• REQUIRED WORK
Set down each line of the data below exactly as it stands, dropping the pictures.
[RAW DATA]
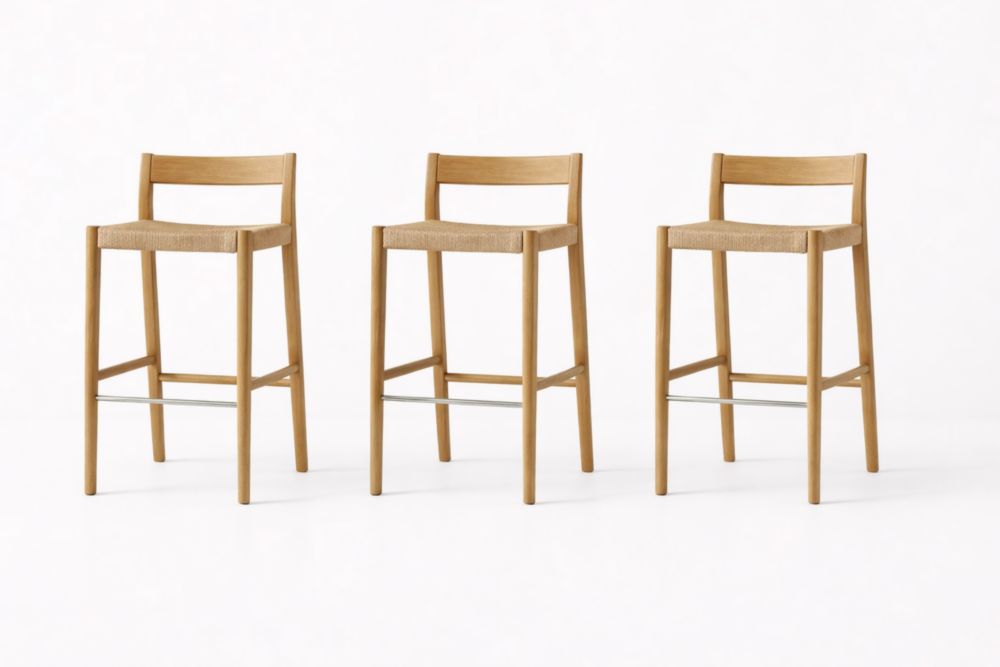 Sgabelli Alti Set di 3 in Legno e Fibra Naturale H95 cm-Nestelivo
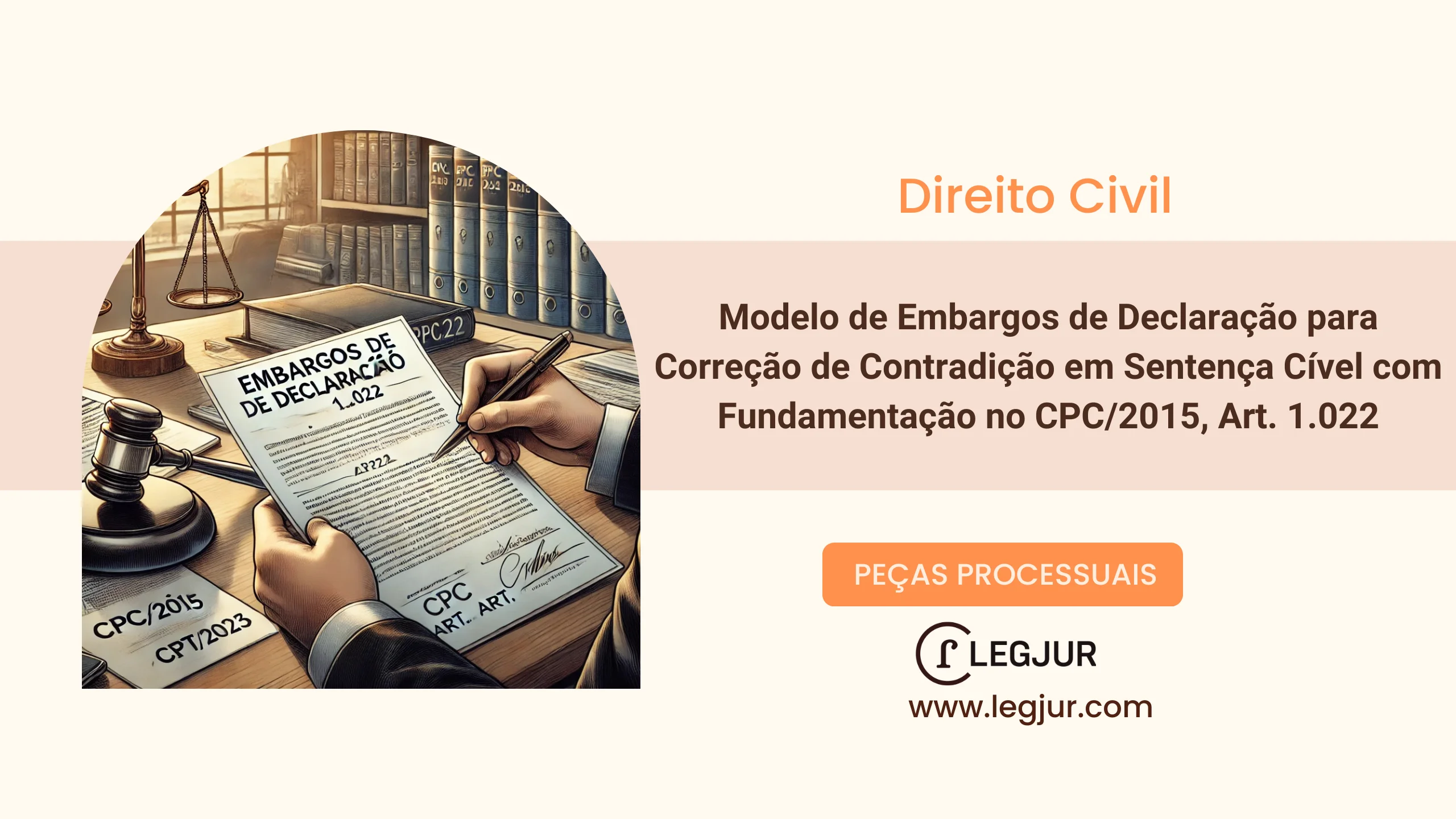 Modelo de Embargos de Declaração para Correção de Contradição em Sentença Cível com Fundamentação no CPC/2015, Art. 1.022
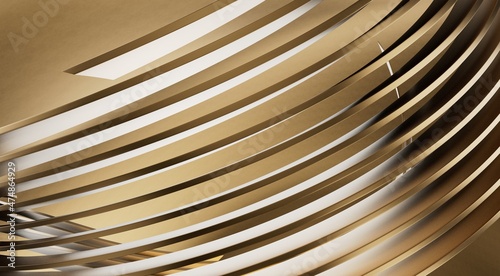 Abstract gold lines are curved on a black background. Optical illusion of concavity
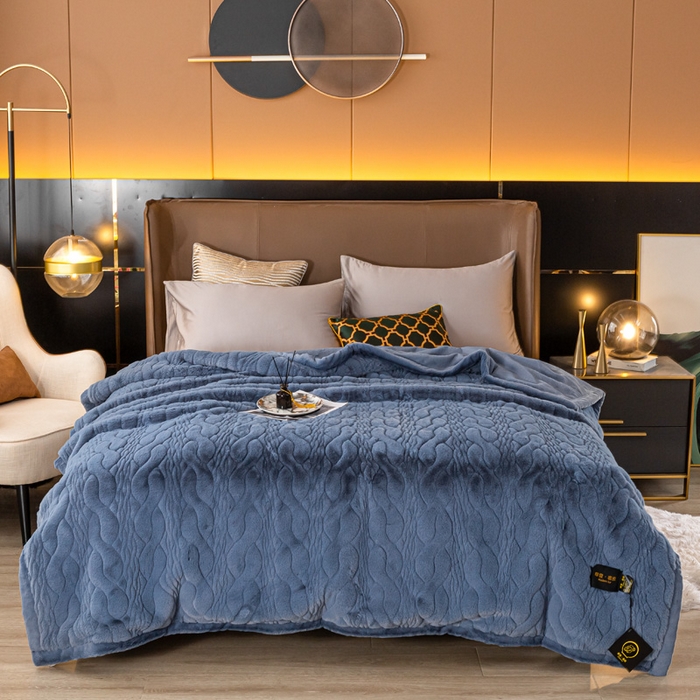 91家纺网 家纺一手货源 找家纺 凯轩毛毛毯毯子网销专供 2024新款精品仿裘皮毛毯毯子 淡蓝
[/RAW DATA]
• TASK OUTPUT
 Sgabelli Alti Set di 3 in Legno e Fibra Naturale H95 cm-Nestelivo
 Modelo de Embargos de Declaração para Correção de Contradição em Sentença Cível com Fundamentação no CPC/2015, Art. 1.022
 Abstract gold lines are curved on a black background. Optical illusion of concavity
 91家纺网 家纺一手货源 找家纺 凯轩毛毛毯毯子网销专供 2024新款精品仿裘皮毛毯毯子 淡蓝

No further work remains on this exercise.